Yusef Salaam Faces Resignation Demands Over Alleged NYPD Encounter

(IntegrityTimes.com) – On Friday January 26, New York City Councilman Yusef Salaam was pulled over by police in Harlem apparently for his tinted windows, which are illegal at high percentages of tinting in New York since the murder of after Detective Russel Timoshenko in 2007 who was shot through deeply tinted windows. Some are calling for a public apology or even a resignation from Salaam for his actions and rhetoric regarding the incident. Republican Queens Councilwoman Joann Ariola posted on X saying the stop was not illegal, but his tinted windows were. She also accused him of using his position as councilman to get out of a ticket and lying about the incident.

In Salaam’s account of events, he was stopped in Harlem while he was driving with his family, using a speakerphone to conference with other council members, one of whom was apparently talking about police stops. He recalls that he introduced himself as Councilman Salaam and asked why he was pulled over. Then he says the officer ended the encounter without answering the question and abruptly walked away saying “We’re done here.” In his public statement after the stop, Salaam commented on the importance of transparency around such police stops being necessary to prevent racial profiling and unconstitutional stops.

However, the officer in question was wearing a live bodycam. The NYPD has released that footage as well as a public statement about the incident in which they clarified that the councilman was stopped due to window tinting beyond the legal limit. They also defended their officer, stating that he was polite, professional and respectful throughout the encounter and even that his withdrawal from the stop in order to not interfere with Salaam’s official duties was an appropriate use of discretion.

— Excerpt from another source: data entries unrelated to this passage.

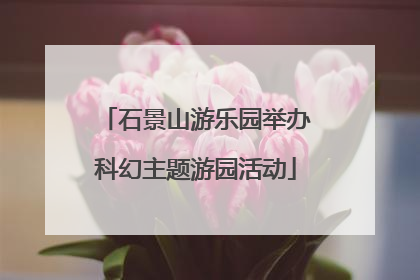 石景山游乐园举办科幻主题游园活动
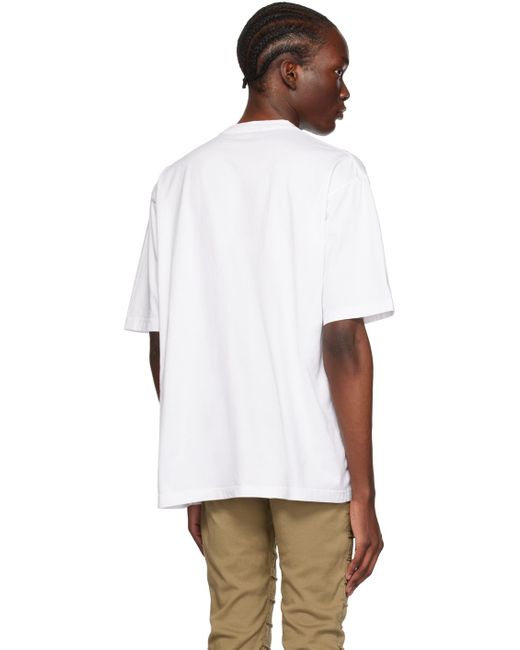 Undercoverism White Graphic T-shirt for men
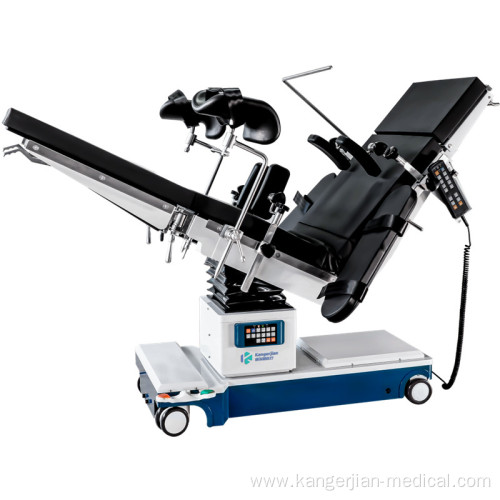 Hospital Equipment Urology Orthopedic Surgical Operation Table Electric Hydraulic with Carbon Fiber cushion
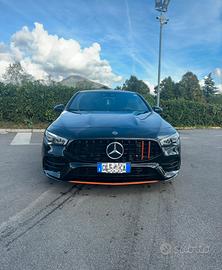 Mercedes Cla 220d Edition1 Orange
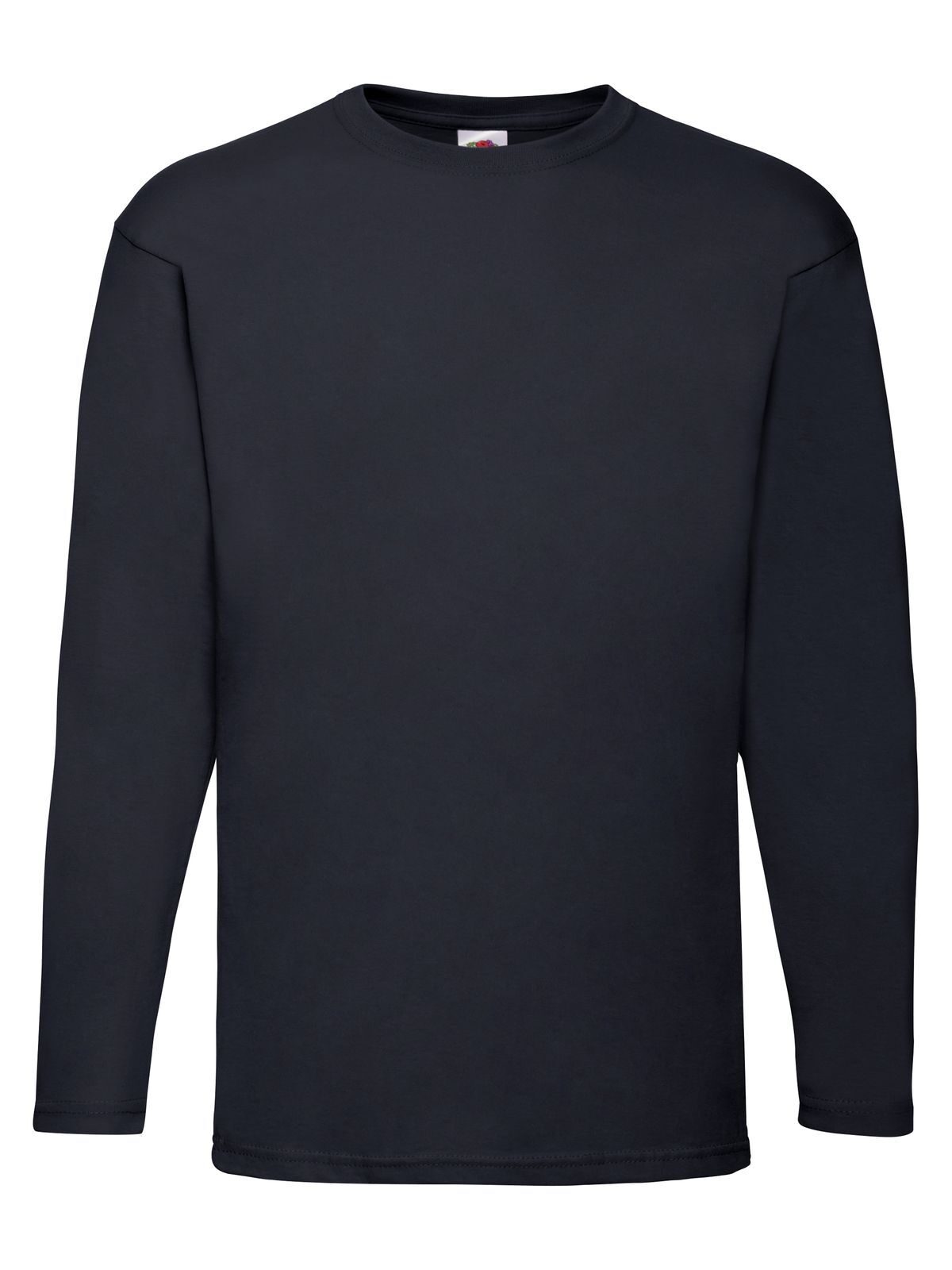 Valueweight T-shirt met lange mouwen - AZ - Diep Marineblauw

On Monday January 29 Mayor Eric Adams said that it’s possible the officer didn’t hear Salaam’s question about why he was stopped, and it is true that even on the video some of the conversation seems garbled. It is also possible that Salaam misheard the officer’s final remarks. The incident may be useful as a fulcrum for opponents of Mayor Adams veto on the “How Many Stops Act” bill, which the council is determined to overturn. The bill, which Adams vetoed on January 19, would require police to publicly report all investigative stops, even for what are regarded as low-level encounters.